How many times does a series’ third entry prove to be its best? Rarely, if ever. One could argue that Goldfinger remains the top Bond flick, and if we view Revenge of the Sith as the third of the Star Wars prequels – and not the sixth in that series – then it would stand as the top effort. I also would narrowly put Dark Knight Rises below Dark Knight.
As I indicated at the start of my review, I definitely see M:I III as the best of its series, and there’s a lot of distance between it and the others. I liked the first movie and M:I:2 to a reasonable degree, but I think both suffer from significant flaws. The original film just never really soars, while the first sequel simply takes way too long to go anywhere.
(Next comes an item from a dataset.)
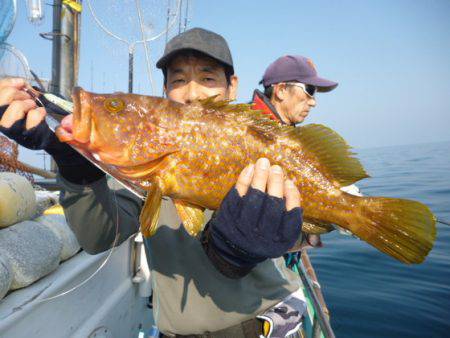 真祐丸 （しんゆうまる） 釣果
M:I III doesn’t suffer from either of those problems. Instead, it grabs us from minute one and never loosens its grip on us. When I saw the flick theatrically, I’d indulged in too much pre-flick Diet Coke and needed to whiz before too long. I waited for a moment that felt like it’d give me the respite needed to zip to the restroom and not miss too much, but that time never came. I finally gave in and went anyway, but the film doesn’t provide long stretches of potential bathroom breaks.
Indeed, any slightly slow spots can be measured in seconds, not minutes. Without question, M:I III offers a relentless film. It doesn’t pound us with mind-numbing action, but it maintains a brisk and thrilling pace that makes every moment count.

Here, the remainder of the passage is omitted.